Ultimately, my goal with all this mathematics was to figure out how to design an accurate 3-arm proportional divider like the one posted by David. Please visit his blog post for more information and links.

The first step was to understand the Golden Ratio (post 1), the second step was to figure out the geometry of a simple 4-arm divider (post 2 & 3), and the final step is to apply this theory to the 3-arm divider I want to make:

I just rearranged the two isosceles triangles from the 4-arm divider to produce a 3-arm divider. Now “Z” is not directly measurable, but it can be calculated. Once you select the X of your choice, and then calculate Z, you can use the second equation to calculate Y.
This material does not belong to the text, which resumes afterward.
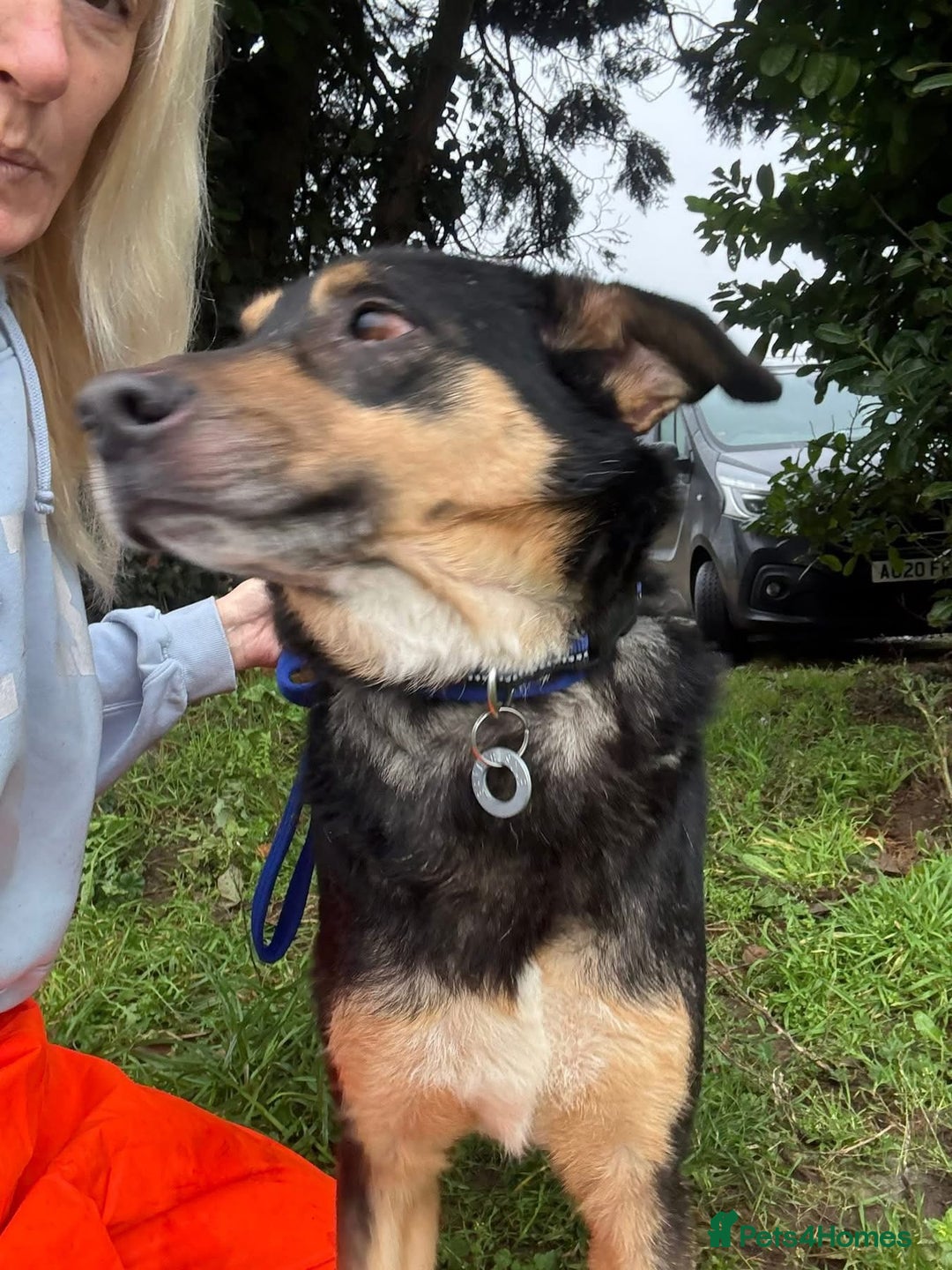 Mixed Breed dogs for adoption: Batman - Norwich Norfolk  - Advert 11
The cross piece (dashed line) is the same length as the line segment W, so you’ll need to calculate that length as well (W = X – Y). Because A=B=C=W, once you know W, you know how far down on the legs to place the cross piece.

Remember that all these measurements are from fastener to tip (or from fastener to fastener for the cross piece). You’ll need to add a little bit of length to accommodate the fasteners…

Now I have to do something with all this. I’ll be putting together models for both the 4-arm and 3-arm dividers in Sketchup, and then I’ll try to actually construct them! I’ll post as I can…


-- -- "there are many good reasons to use old hand tools, but moral superiority is NOT one of them..."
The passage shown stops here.